I was able to successfully SSH into the Google Cloud VM I had set up yesterday, but today for some reason I can't, and I didn't mess with any of the settings, especially not the Firewall settings. It keeps giving me these errors now:

Connection via Cloud Identity-Aware Proxy Failed Code: 4003 Reason: failed to connect to backend You may be able to connect without using the Cloud Identity-Aware Proxy.

Then when I click on "Connect without Identity-Aware Proxy" I get the following error:

Connection Failed We are unable to connect to the VM on port 22. Learn more about possible causes of this issue.

I don't know what happened. Yesterday it was working fine and now it's not.

Beased on these error messages, I guess that your project has Identity-Aware Proxy (IAP) enabled , which sometimes may affect the ability to SSH into an instance, depending on the configuration.

In order to rule out this, you may try the following:

At first, try to disable Cloud Identity-Aware Proxy and connect to the VM instance via web Console.

After that, check logs:

  • Go to Compute Engine -> VM instances -> click on NAME_OF_YOUR_VM -> at the VM instance details find section Logs and click on Serial port 1 (console)
  • Reboot your VM instance.
  • Check full boot log for any errors or/and warnings.

If your VM instance doesn't start up verify that your disk has a valid file system and a valid master boot record (MBR) by following the documentation General troubleshooting .

If you found errors/warning related to disk space you can try to resize it accordingly to the documentation Resizing a zonal persistent disk , also accordingly to the article Recovering an inaccessible instance or a full boot disk :

If an instance is completely out of disk space or if it is not running a Linux guest environment, then automatically resizing your root filesystem isn't possible, even after you've increased the size of the persistent disk that backs it. If you can't connect to your instance, or your boot disk is full and you can't resize it, you must create a new instance and recreate the boot disk from a snapshot to resize it.

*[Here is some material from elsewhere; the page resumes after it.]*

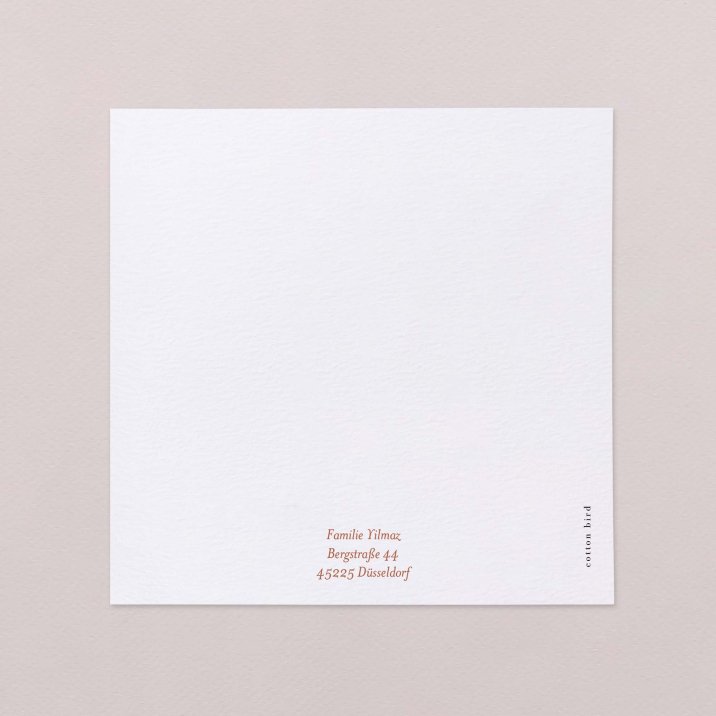 Fotostreifen-Terrakotta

Otherwise try get access to your VM instance via serial console:

  • Enable serial console connection with gcloud command:

     gcloud compute instances add-metadata NAME_OF_YOUR_VM_INSTANCE \ --metadata serial-port-enable=TRUE

    or go to Compute Engine -> VM instances -> click on NAME_OF_YOUR_VM_INSTANCE -> click on EDIT -> go to section Remote access and check Enable connecting to serial ports

  • Create temporary user and password to login: shutdown your VM and set a startup script by adding at the section Custom metadata key startup-script and value:

     useradd --groups google_sudoers tempuser echo "tempuser:password" | chpasswd

    and then start your VM.

  • Connect to your VM via serial port with gcloud command:

     gcloud compute connect-to-serial-port NAME_OF_YOUR_VM_INSTANCE

    or go to Compute Engine -> VM instances -> click on NAME_OF_YOUR_VM_INSTANCE -> and click on Connect to serial console

  • Check what went wrong.

  • Disable access via serial port with gcloud command:

     gcloud compute instances add-metadata NAME_OF_YOUR_VM_INSTANCE \ --metadata serial-port-enable=FALSE

    or go to Compute Engine -> VM instances -> click on NAME_OF_YOUR_VM_INSTANCE -> click on EDIT -> go to section Remote access and uncheck Enable connecting to serial ports . Keep in mind that accordingly to the documentation Interacting with the serial console :

    Caution : The interactive serial console does not support IP-based access restrictions such as IP whitelists. If you enable the interactive serial console on an instance, clients can attempt to connect to that instance from any IP address. Anybody can connect to that instance if they know the correct SSH key, username, project ID, zone, and instance name. Use firewall rules to control access to your network and specific ports.

If you weren't able to connect via serial console, try follow the documentation Troubleshooting SSH section Inspect the VM instance without shutting it down and inspect the disk of your VM on another VM. Same way you can transfer your data to another working VM instance.

I had had the same issue while running composer update.

In my case an rebooting of the VM-Instance has solved it.